**Exercise details**
All the data below goes into the copy word for word, but the pictures don't.

Short text fragments from websites
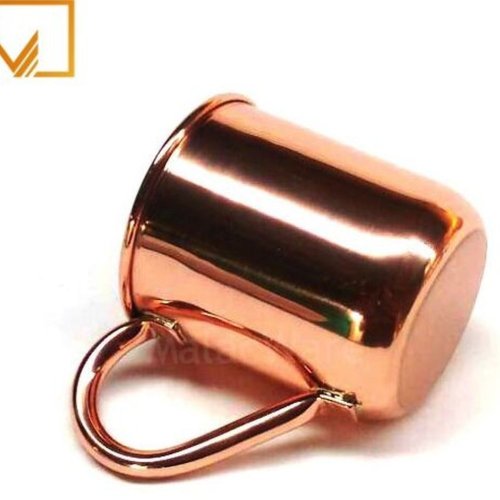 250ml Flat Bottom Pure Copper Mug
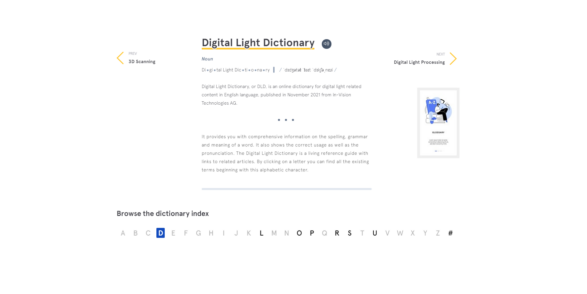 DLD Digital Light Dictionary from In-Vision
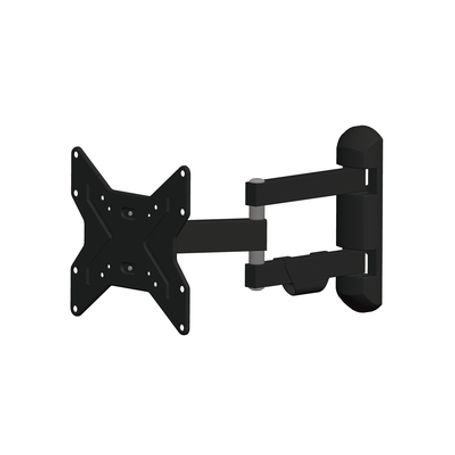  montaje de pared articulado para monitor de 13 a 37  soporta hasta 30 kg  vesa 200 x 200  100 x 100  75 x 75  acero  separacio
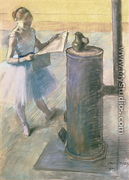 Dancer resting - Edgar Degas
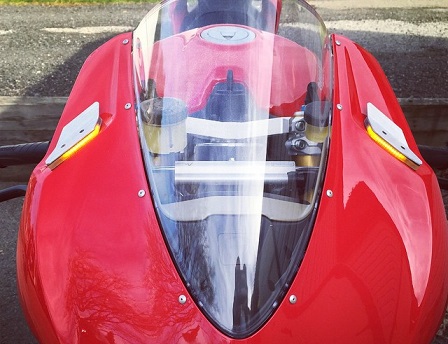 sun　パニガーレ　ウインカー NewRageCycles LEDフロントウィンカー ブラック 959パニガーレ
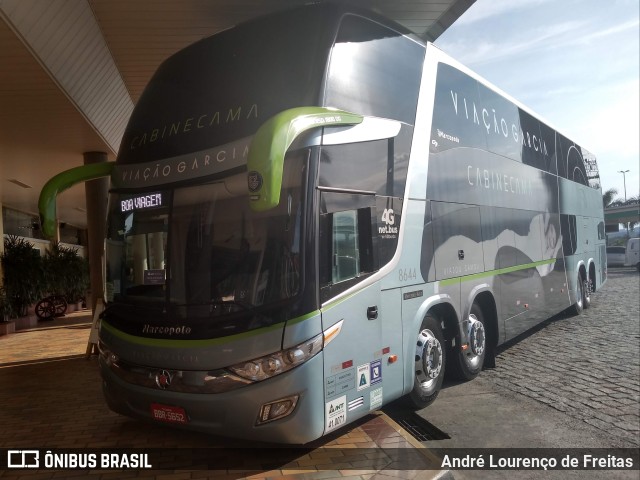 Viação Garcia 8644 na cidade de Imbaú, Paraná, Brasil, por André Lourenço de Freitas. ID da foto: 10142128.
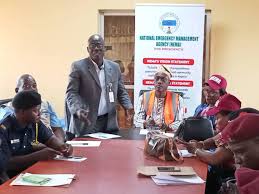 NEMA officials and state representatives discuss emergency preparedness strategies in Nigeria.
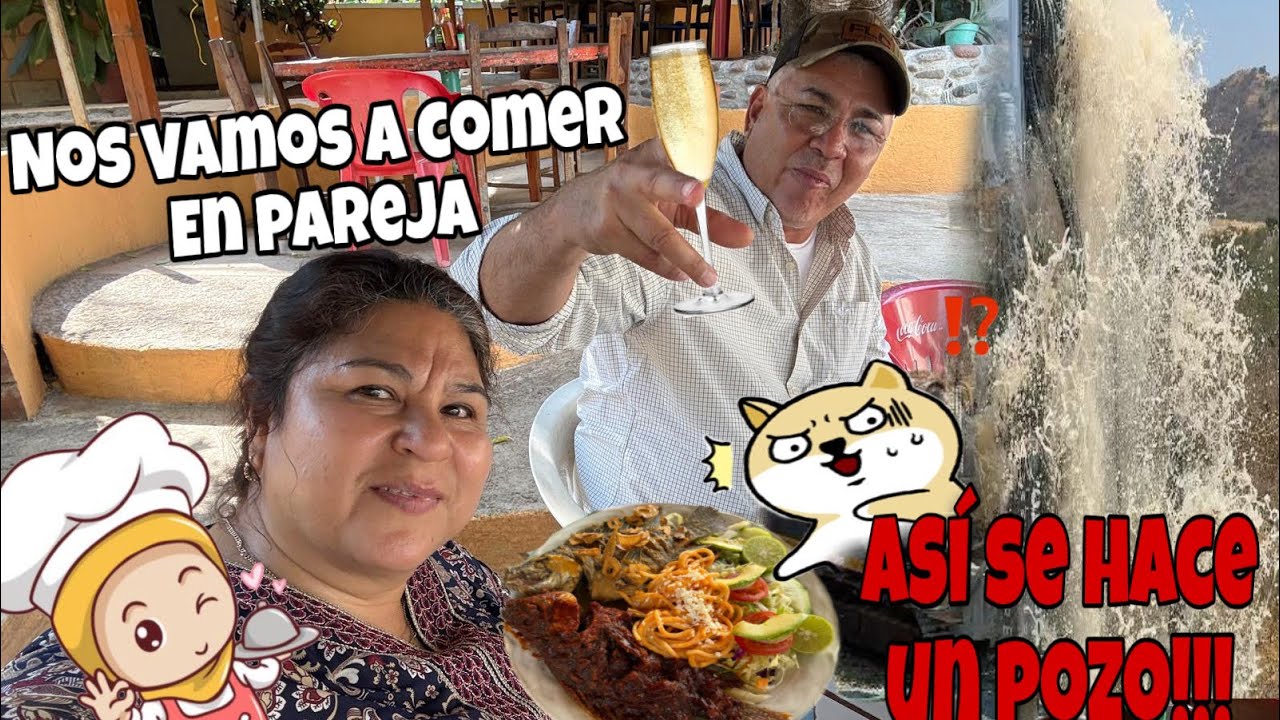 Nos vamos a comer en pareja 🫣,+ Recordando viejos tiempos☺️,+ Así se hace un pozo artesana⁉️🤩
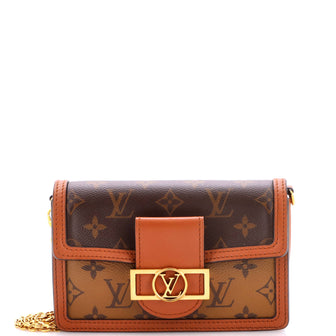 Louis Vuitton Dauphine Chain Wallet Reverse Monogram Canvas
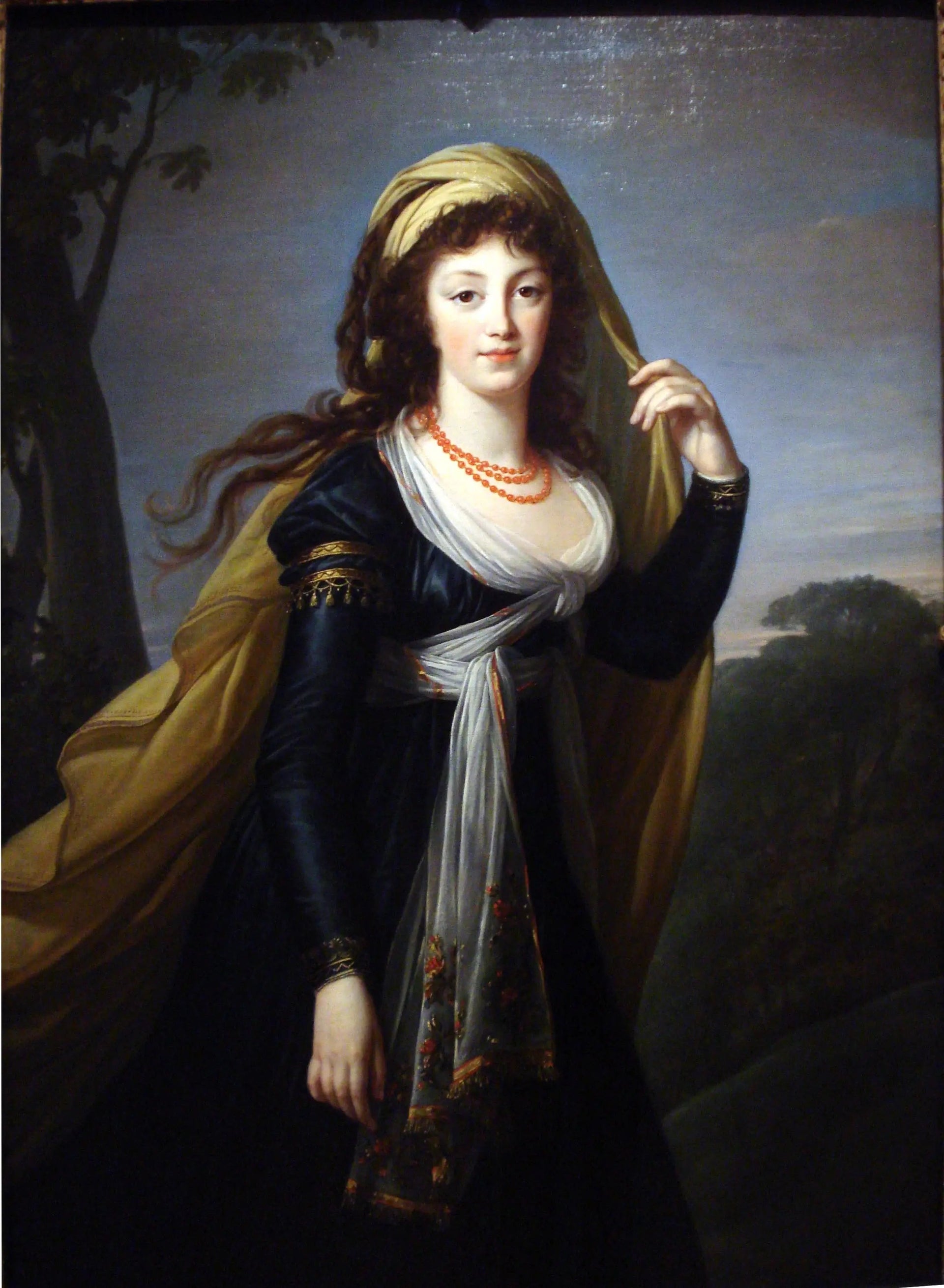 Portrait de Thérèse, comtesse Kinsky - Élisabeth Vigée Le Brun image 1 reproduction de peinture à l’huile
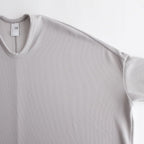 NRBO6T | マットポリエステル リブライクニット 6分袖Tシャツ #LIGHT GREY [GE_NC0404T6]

**Output of the exercise**
 250ml Flat Bottom Pure Copper Mug
 DLD Digital Light Dictionary from In-Vision
  montaje de pared articulado para monitor de 13 a 37  soporta hasta 30 kg  vesa 200 x 200  100 x 100  75 x 75  acero  separacio
 Dancer resting - Edgar Degas
 sun　パニガーレ　ウインカー NewRageCycles LEDフロントウィンカー ブラック 959パニガーレ
 Viação Garcia 8644 na cidade de Imbaú, Paraná, Brasil, por André Lourenço de Freitas. ID da foto: 10142128.
 NEMA officials and state representatives discuss emergency preparedness strategies in Nigeria.
 Nos vamos a comer en pareja 🫣,+ Recordando viejos tiempos☺️,+ Así se hace un pozo artesana⁉️🤩
 Louis Vuitton Dauphine Chain Wallet Reverse Monogram Canvas
 Portrait de Thérèse, comtesse Kinsky - Élisabeth Vigée Le Brun image 1 reproduction de peinture à l’huile
 NRBO6T | マットポリエステル リブライクニット 6分袖Tシャツ #LIGHT GREY [GE_NC0404T6]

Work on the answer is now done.